Your task is to copy the listing exactly. Drop any pictures from the copy.

== GIVEN DATA ==
--- START ---

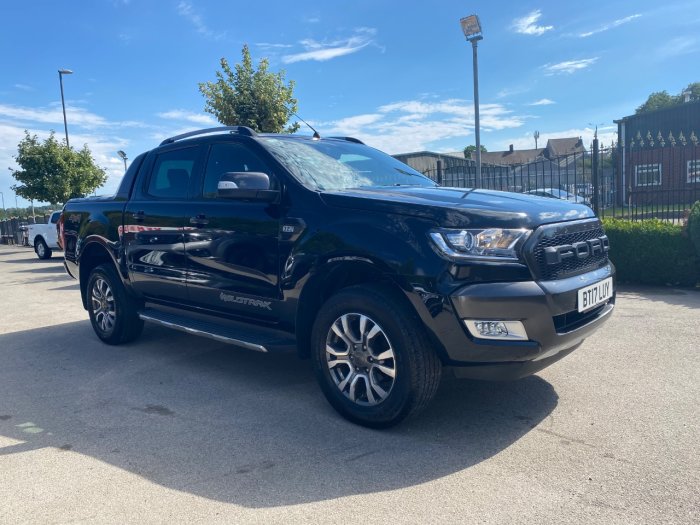 Ford Ranger 3.2 RANGER WILDTRAK 4X4 TDCI Pick Up Diesel Black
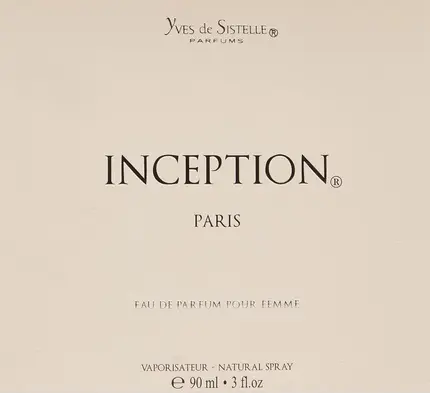 Туалетная вода Yves De Sistelle Inception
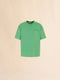 MARNI Green cotton T-shirt with Marni patches Men's Apparel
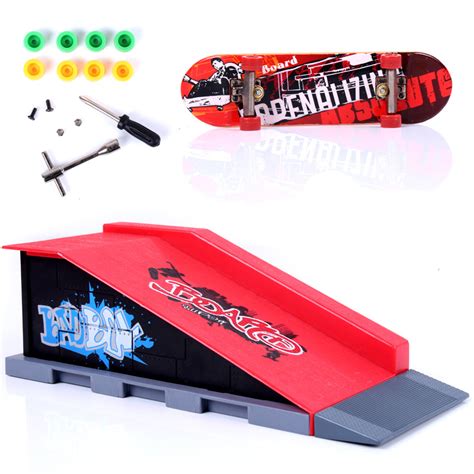Mini Finger Skateboard And Ramp Accessories Set Speed Cube Store Uk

--- END ---

== OUTPUT BELOW ==
 Ford Ranger 3.2 RANGER WILDTRAK 4X4 TDCI Pick Up Diesel Black
 Туалетная вода Yves De Sistelle Inception
 MARNI Green cotton T-shirt with Marni patches Men's Apparel
Mini Finger Skateboard And Ramp Accessories Set Speed Cube Store Uk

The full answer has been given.